• Exercise details:
Begin your copy at the line holding "Farro Spaghetti with" and end it at the last line of the listing. Keep every line exact and leave out the pictures.

• Source material:

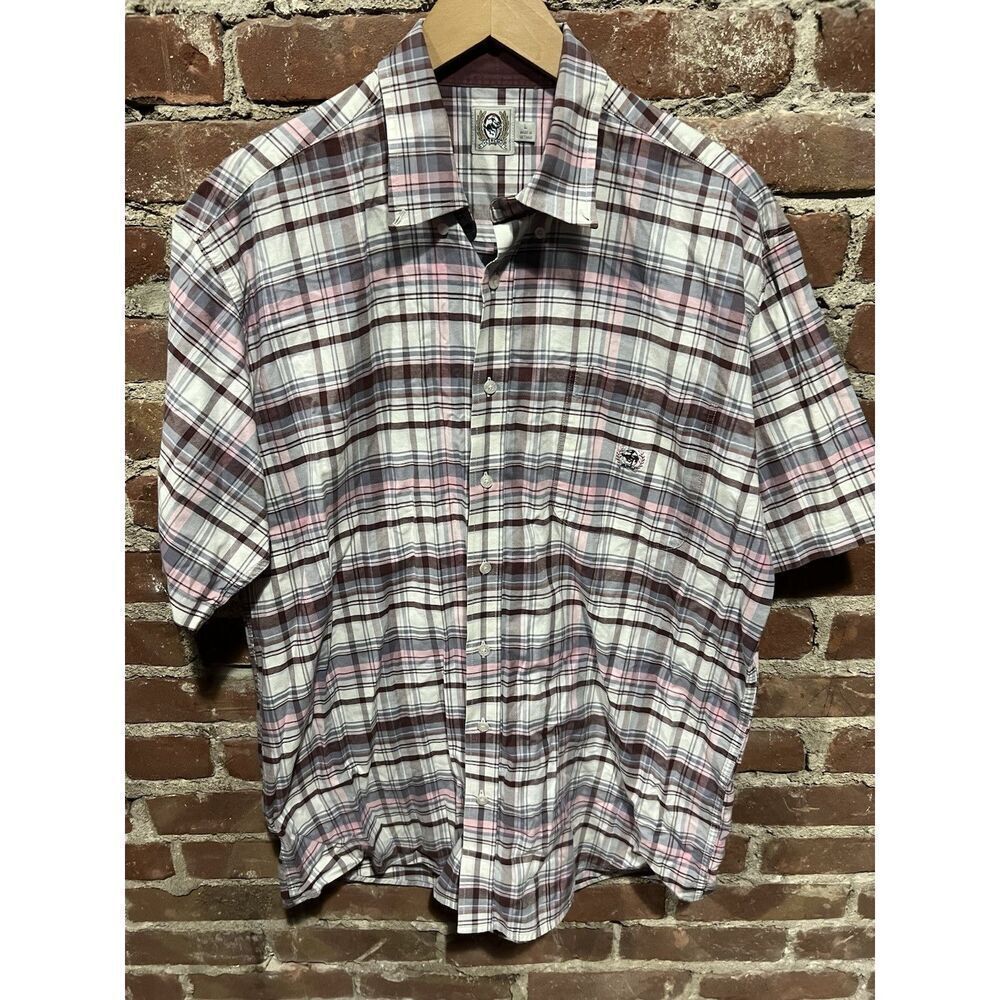 Cinch Shirt Mens XL Green Pink Plaid Short Sleeve Button Up Logo Pocket Casual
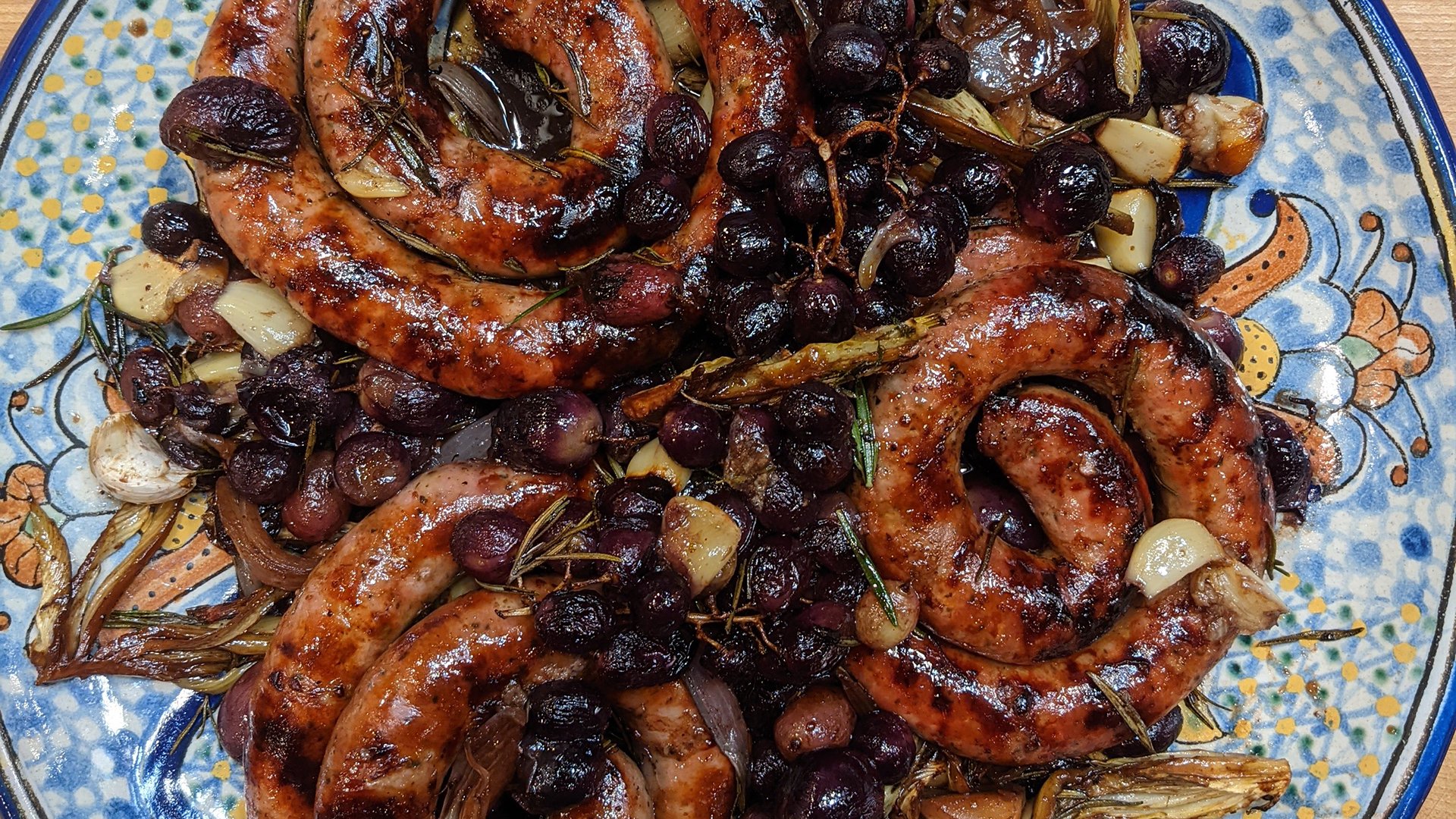 Farro Spaghetti with Kale Pesto and Roasted Sausages with Grapes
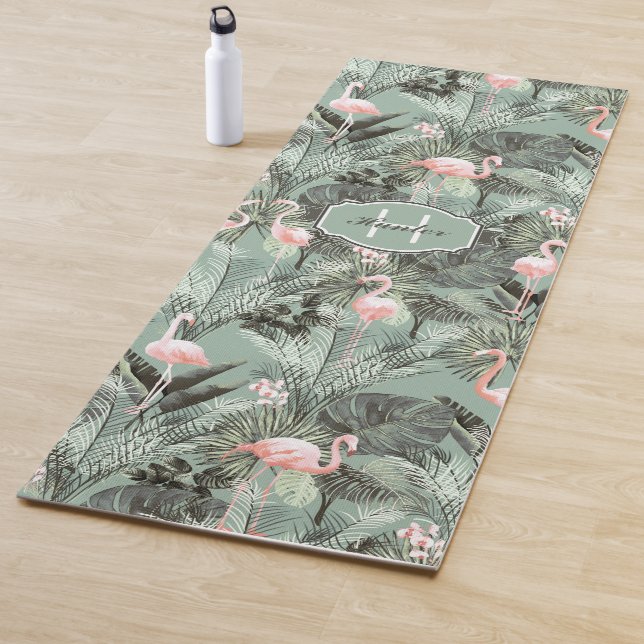 Flamingo Orchid Tropical Pattern Sage ID868 Yogamatte (Beispiel)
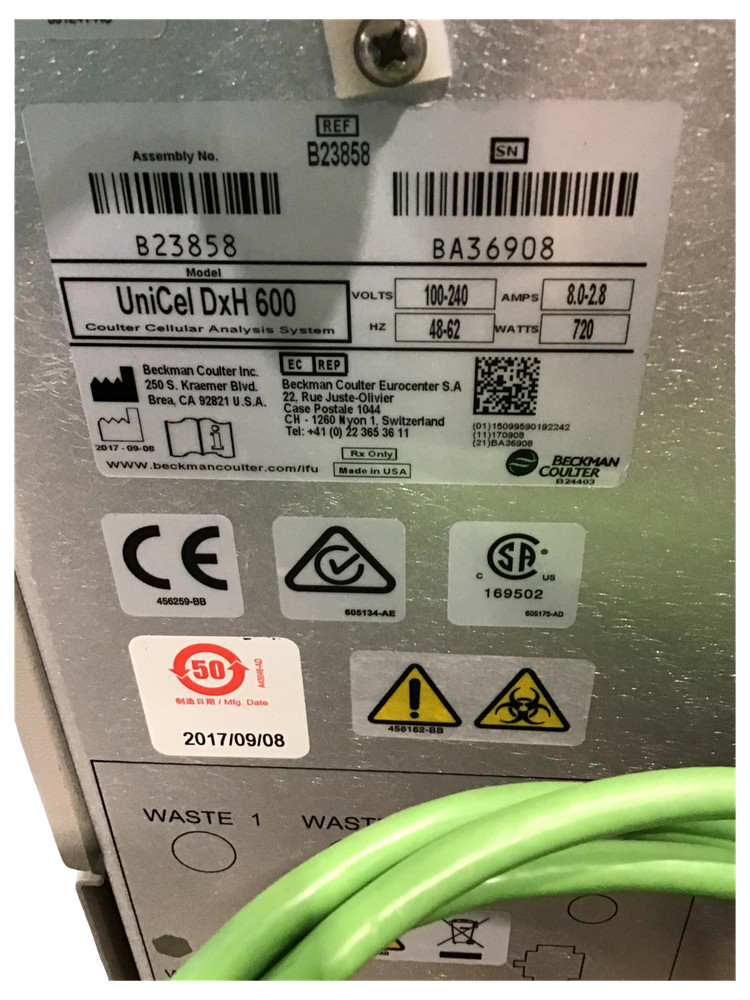 BECKMAN COULTER DXH 600 UNICEL ANALYZER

• Reply:
 Farro Spaghetti with Kale Pesto and Roasted Sausages with Grapes
 Flamingo Orchid Tropical Pattern Sage ID868 Yogamatte (Beispiel)
 BECKMAN COULTER DXH 600 UNICEL ANALYZER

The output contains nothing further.